Hi everyone! My name is Katherine Yu and I just joined the Project Memory team as a Growth Marketing Intern this summer. I am an incoming sophomore at the University of Washington in St. Louis studying Marketing and Organization & Strategic Management. I just moved to the Bay Area and I’ve really enjoyed exploring scenic places, taking long walks, and trying new restaurants!
We are all constantly living a life of hurry, going from one thing to the next in our busy schedules, but journaling allows me to pause and really reflect on my day.
For the last four years now, I have been documenting my life with a pen and paper every single day. It all began when I wanted to be more intentional about practicing gratitude everyday. I knew that if I wanted to be consistent about it, I would need a tangible method of doing this, so I ordered some journals and began on my 15th birthday.
When I first started journaling, I made bullet lists of all the happy things that happened during my day that I was grateful for, including even the smallest of things such as seeing sun rays through the trees on my morning walks. And aesthetically, my journal was really colorful because I used multicolor flare pens—a different color for each day.
As I got older, my goals and aesthetics began to change, but as a creature of habit, I didn’t want to switch the way I was journaling. As a result, it ended up burning me out and I lost the joy I found journaling. I realized how important it is to do what makes you genuinely happy, otherwise it’ll be incredibly difficult to journal without it feeling like a chore.

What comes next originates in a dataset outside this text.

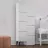 Dulap penal MLAND STAIR MULTIPURPOSE CABINET - WHITE, Alb, 156x37.4x62.2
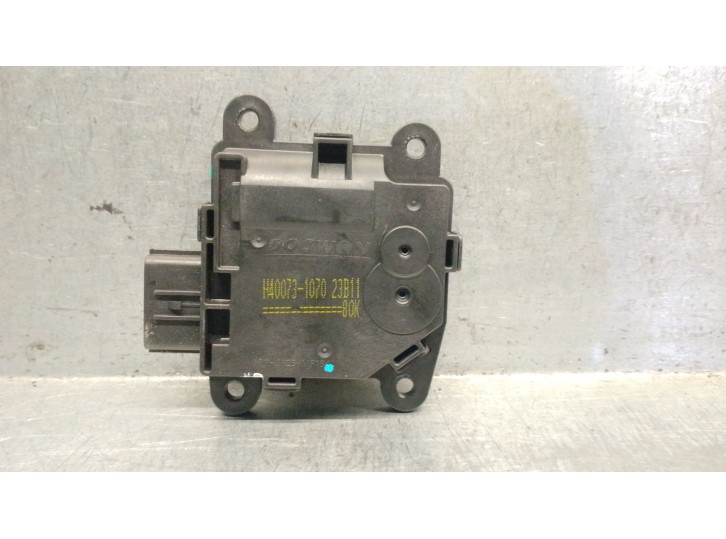 Recambio de motor apertura trampillas climatizador para kia ev6 cv/ f5e22 / e11b11 referencia OEM IAM H400731070 971573T000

So about two years ago, I began writing down pretty much everything that happened in my day: the good, the bad, and any other thoughts that I had. I also switched to using black pens because I wanted a more minimalist look for my journals.
Since then, I’ve surprised myself with how consistent I have been able to be with journaling everyday. I realized that the reason I’ve managed to make daily journaling a part of my life is because I’m constantly reminded of why I love journaling. While photos are a wonderful way to capture the physical moment (and I do take thousands of photos), they sometimes lack the heart and soul behind the moment. No matter how many photos I take, they can’t capture the entirety of my life.
Journaling allows me to remember both my happiest moments and my most vulnerable moments. It fills in all the gaps between the photos in my camera roll. There have been many occasions where I wanted to remember specific things like the first time I met someone or what I was doing exactly one year ago from today. Without my journals, I wouldn’t have been able to go back and laugh at the difference between my first impression of someone versus our relationship now or be surprised at how much has changed in the past year. Reading old journals is always the most special part of daily journaling because I can witness and reflect on my personal growth throughout the months and years.
"Journaling allows me to remember both my happiest moments and my most vulnerable moments."
Documenting my move from Chicago to the Bay Area
I have been in California for less than one month, and yet I’ve already taken 1,500+ photos and videos of my life here. Still, if my apartment was on fire, I would save my journals over my phone and SD cards any day of the week. Show me a photograph and I can see a moment in time. Show me a journal and I can trace a story of infinite moments from experiences to internal thoughts and feelings—this is why handwritten memories hold a special place in my heart.